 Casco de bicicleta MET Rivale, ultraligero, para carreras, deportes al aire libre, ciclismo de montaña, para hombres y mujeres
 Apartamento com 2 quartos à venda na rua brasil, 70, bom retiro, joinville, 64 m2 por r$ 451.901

...

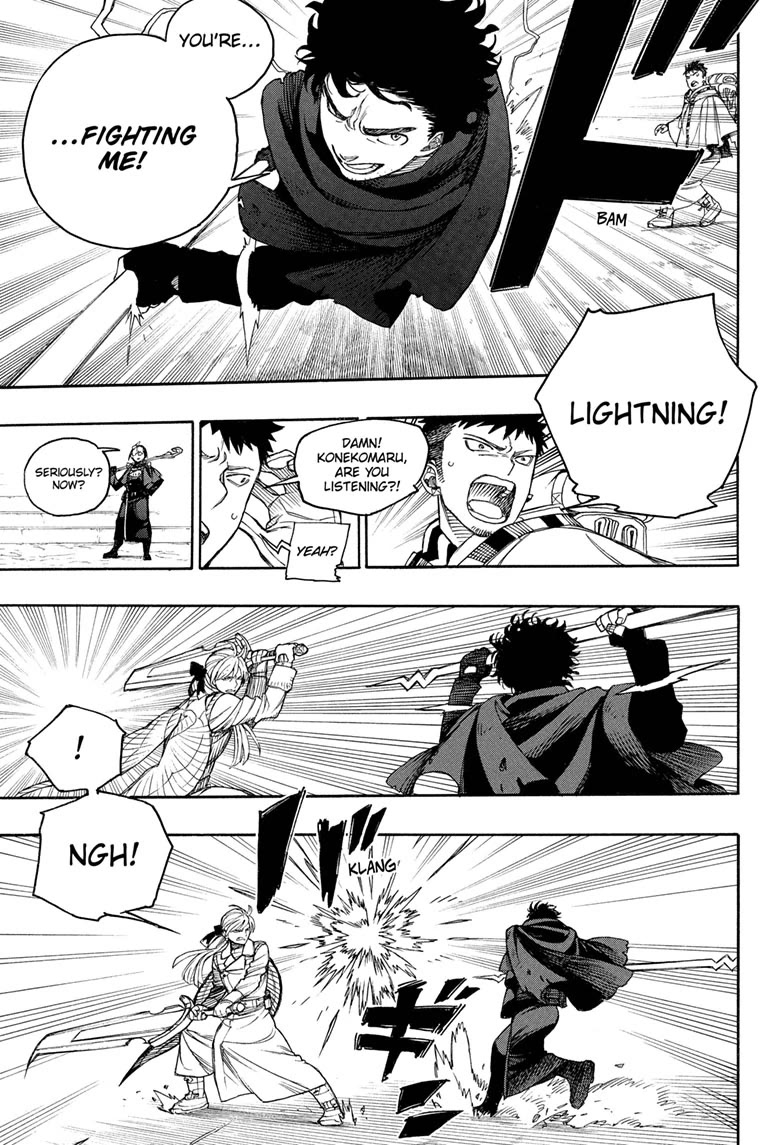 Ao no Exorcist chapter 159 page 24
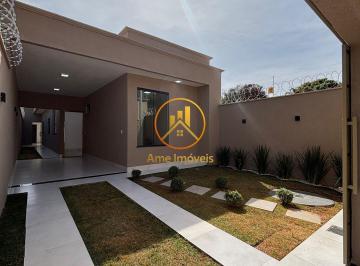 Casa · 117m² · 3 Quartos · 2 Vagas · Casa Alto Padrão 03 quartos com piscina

==

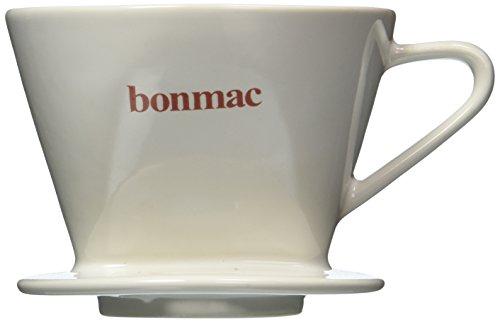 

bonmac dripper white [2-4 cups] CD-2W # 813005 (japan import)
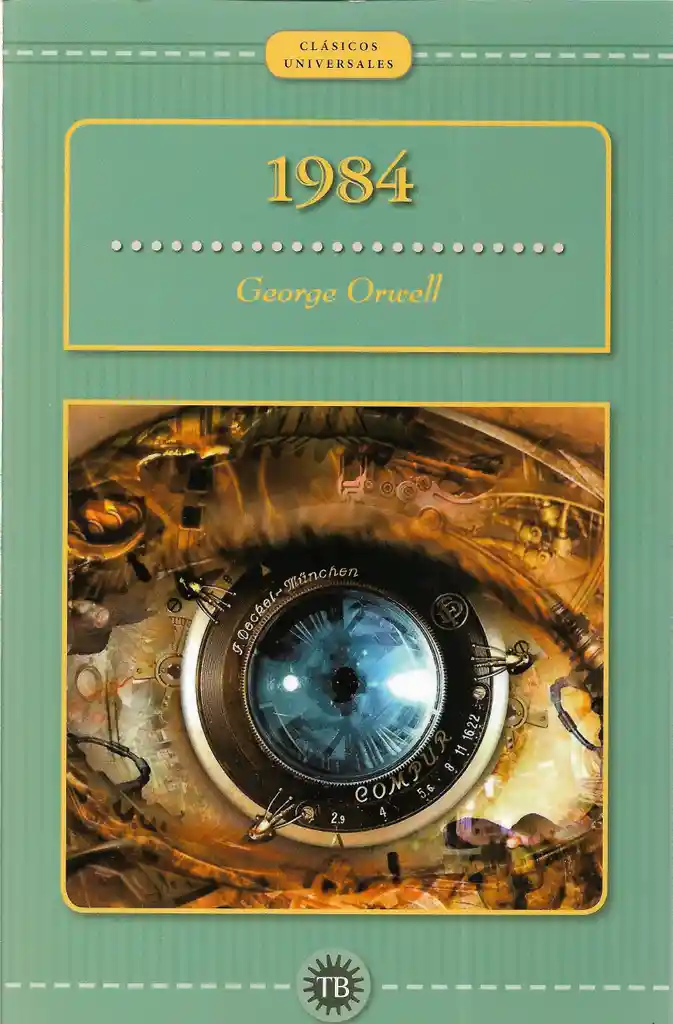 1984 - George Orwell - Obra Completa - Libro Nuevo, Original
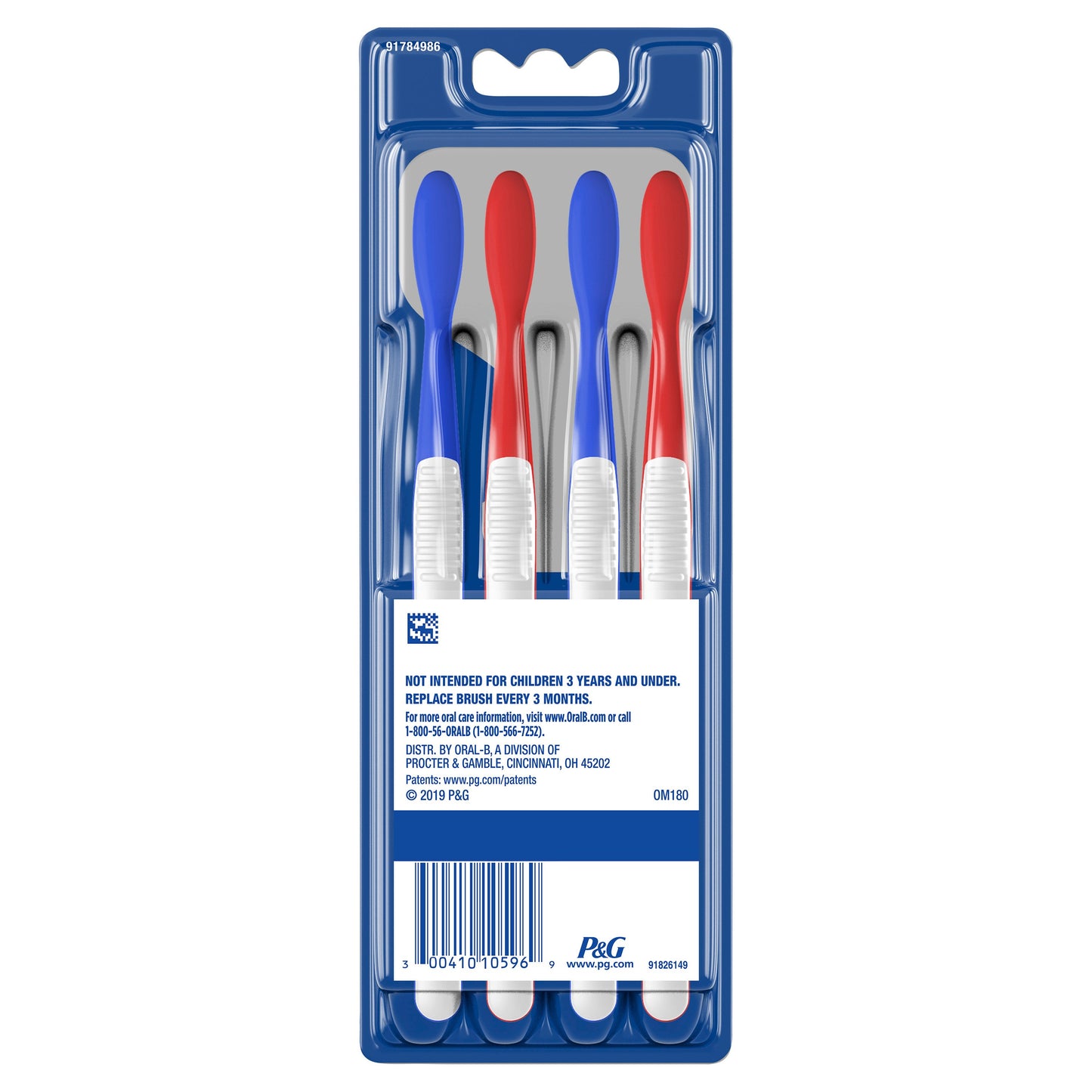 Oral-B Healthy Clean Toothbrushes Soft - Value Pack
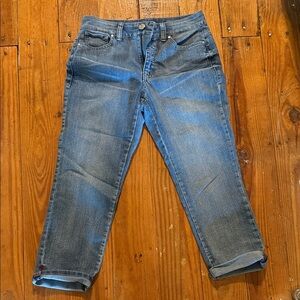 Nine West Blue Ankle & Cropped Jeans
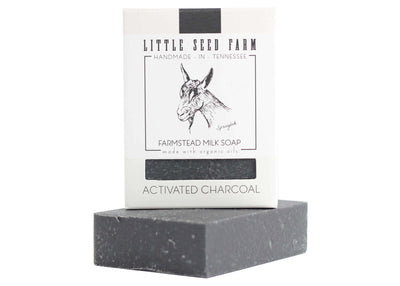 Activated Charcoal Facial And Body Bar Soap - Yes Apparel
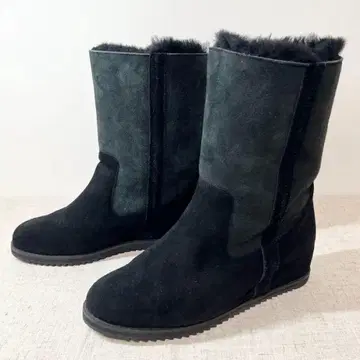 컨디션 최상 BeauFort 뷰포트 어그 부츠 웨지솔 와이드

### PROBLEM TO WORK ON
In the listing above, find the line with "bonmac dripper white" and output it and every line after it up to and including the line with "컨디션 최상 BeauFort 뷰포트 어그 부츠 웨지솔 와이드", exactly, minus the pictures.

### FINISHED EXERCISE
bonmac dripper white [2-4 cups] CD-2W # 813005 (japan import)
 1984 - George Orwell - Obra Completa - Libro Nuevo, Original
 Oral-B Healthy Clean Toothbrushes Soft - Value Pack
 Nine West Blue Ankle & Cropped Jeans
 Activated Charcoal Facial And Body Bar Soap - Yes Apparel
 컨디션 최상 BeauFort 뷰포트 어그 부츠 웨지솔 와이드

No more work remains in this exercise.